Today, I was on jury duty. At the entrance of the courthouse, right next to the x-ray machines there was a large commemorative plaque about Copernicus. I don’t know why it was there but I was very happy to see that Copernicus is celebrated in American courthouses.
Nicolaus Copernicus is a Latinized version of his Polish name Mikolaj Kopernik. He was a Polish polymath: astronomer, mathematician, physician, classics scholar, translator, governor, diplomat, and economist.
In his book De revolutionibus orbium coelestium (On the Revolutions of the Celestial Spheres), published just before his death in 1543, he proved that Earth and other planets revolve around the Sun. This correct theory became known as heliocentrism which was very controversial in the 16’th and 17’th centuries.
The established church doctrine at that time claimed that Earth was at the center of the universe and the Sun revolved around the Earth. When Galileo Galilei promoted the heliocentric theory of Copernicus he was tried by the Roman Inquisition in 1615. Gelileo was found “vehemently suspect of heresy”, forced to recant, and spent the rest of his life under house arrest. Galileo’s books were banned for more than a century until Pope Benedict Benedict XIV (Prospero Lorenzo Lambertini) authorized the publications of the scientific works of Galileo Galilei in 1741.
Complete Works of Copernicus
In 1972 the Polish Academy of Sciences under the direction of J. Dobrzycki published critical editions of the Complete Works of Copernicus in six languages: Latin, English, French, German, Polish, and Russian. The first volume was a facsimile edition. The annotations in the English translations are more comprehensive than the others. The English edition was reissued as follows:
Minor Works, 1992, trans. E. Rosen, Baltimore: The Johns Hopkins University Press (originally published as volume 3 of Nicholas Copernicus: Complete Works, Warsaw: Polish Scientific Publishers, 1985).

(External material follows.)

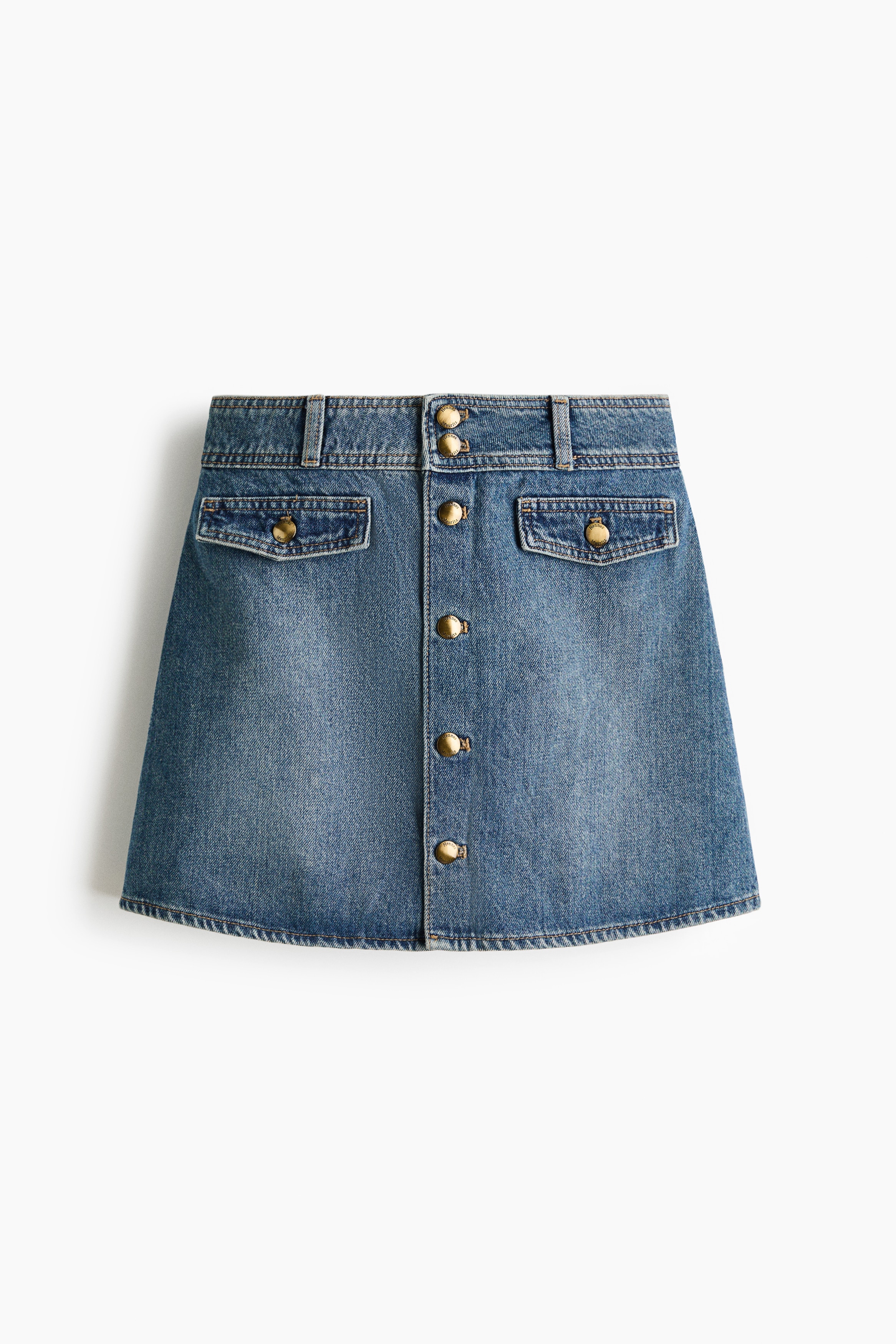 Korte denim A-linerok - Denimblauw/Donkerbruin/Donker denimblauw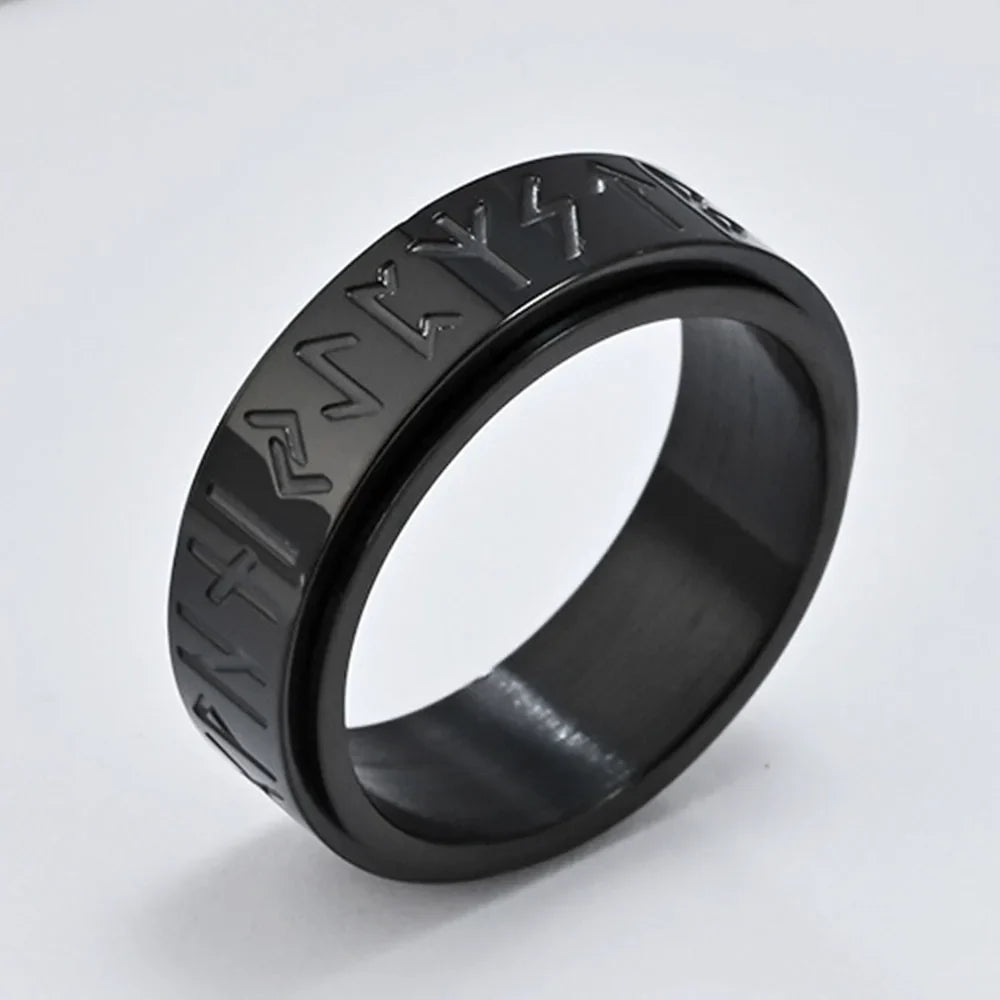 Anillo Vikingo para Hombre Anti-Estrés Giratorio negro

On the Revolutions, 1992, trans. E. Rosen, Baltimore: The Johns Hopkins University Press (originally published as volume 2 of Nicholas Copernicus: Complete Works, Warsaw: Polish Scientific Publishers, 1978).
Copernicus spoke Latin, German, and Polish fluently. He also spoke Greek and Italian but he wrote in Latin which was the language of academia in Europe. Latin was also the official language of the Roman Catholic Church and of Poland’s royal court.